Jean-Félix Bernard, président d'Airparif.
Pour Jean-Félix Bernard, président de Airparif, l’efficacité de la circulation alternée est réelle : « J’espère sortir un jour de ce débat sur l’efficacité de la circulation alternée, on a enregistré une baisse nette des polluants pendant cette durée. On ne va pas démontrer l’efficacité à chaque fois car on sait que la première source de pollution est le trafic».

L’OMS tire la sonnette d’alarme.

A l’image de l’iceberg, les 16 épisodes de pollution de 2014 représentent la partie immergée, l’urgence est ponctuelle, mais il existe une partie submergée, la pollution chronique qui est là toute l’année. 

«Nous respirons 365 jours sur 365 jours par an, il est vital de prendre des mesures de réduction sur toute l’année » s’indigne Frédéric Bouvier.

Selon l’OMS (Organisation Mondiale de la Santé) et l’OCDE (l’Organisation de Coopération et de Développement Economique), l’estimation du coût des impacts sanitaires de la pollution de l’air s’élève à 48 milliard d’euros par an seulement pour la France (2,3% de son PIB).

L’OMS tire la sonnette d’alarme, la pollution de l’air à elle seule est un énorme risque sanitaire. Le PNUE (Programme pour l’environnement des Nations Unies) constate que 2.4 millions de décès prématurés liés à la pollution de l’air extérieur peuvent être évités chaque année d’ici 2030, ainsi c’est la première cause de mortalité environnementale.
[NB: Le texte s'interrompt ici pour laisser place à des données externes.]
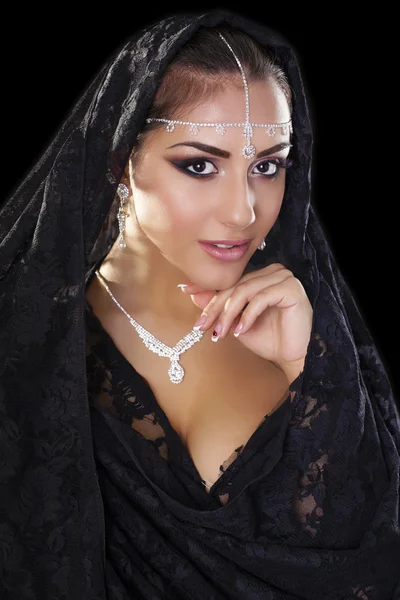 Retrato de uma mulher bonita com maquiagem árabe em paran preto — Fotografia de Stock
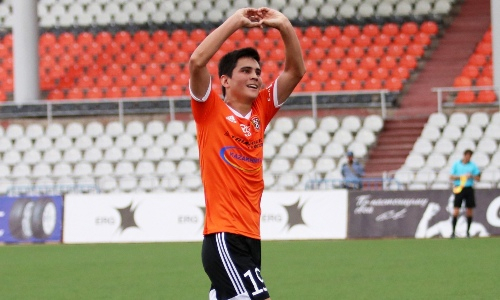 «Шахтер» легко разобрался с «Жетысу» в матче с дублем казахстанского нападающего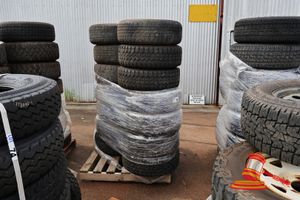 79 · APPROX 15 TRYES OF VARIOUS SIZES AND BRANDS, POSS INCLUDES RIMS, SOME INCLUDE; BRIDGESTONE 265/65R17 AND OTHERS ON A PALLET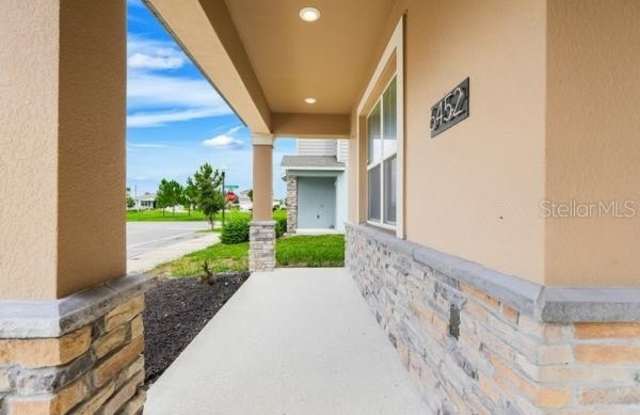 6452 SPRUCEPINE Lane Gallery 4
2015, l’année où il faut agir

Les spécialistes de la santé quant à eux estiment que 42 décès ont été anticipés en France

Pour le directeur de Airparif, « l’objectif maintenant est de protéger les personnes fragiles comme les enfants ou les asthmatiques, la problématique la plus préoccupante est l’exposition de ceux qui vivent près des axes routiers où les particules se déposent le plus ».
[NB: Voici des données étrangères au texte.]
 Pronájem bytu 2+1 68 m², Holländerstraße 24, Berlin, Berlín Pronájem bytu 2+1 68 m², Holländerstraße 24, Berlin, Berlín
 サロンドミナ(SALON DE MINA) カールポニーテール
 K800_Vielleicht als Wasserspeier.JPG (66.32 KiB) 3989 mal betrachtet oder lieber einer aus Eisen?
Les risques cardiovasculaires et respiratoires sont notables et pour Airparif, 2015 est l’année de l’air et du climat dans le sens ou plusieurs axes de sensibilisation vont être mis en place.

Une nouvelle station prendra place à la Tour Eiffel afin de mesurer le taux de CO2, en permanence, cela anticipera une nouvelle appréhension des chiffres  pour les franciliens.
Pollution à Pékin
Carte Hor'air


Le système Cartes Hor’air est à disposition des habitants, il met en lumière, sur une carte haute définition, leurs déplacements, ce qu’ils risquent en termes d’exposition et ce qui pourrait impacter. Le plan climat de Airparif est travaillé à l’international en collaboration avec Pékin et Téhéran dans un souci d’amélioration de l’information et de l’expertise française.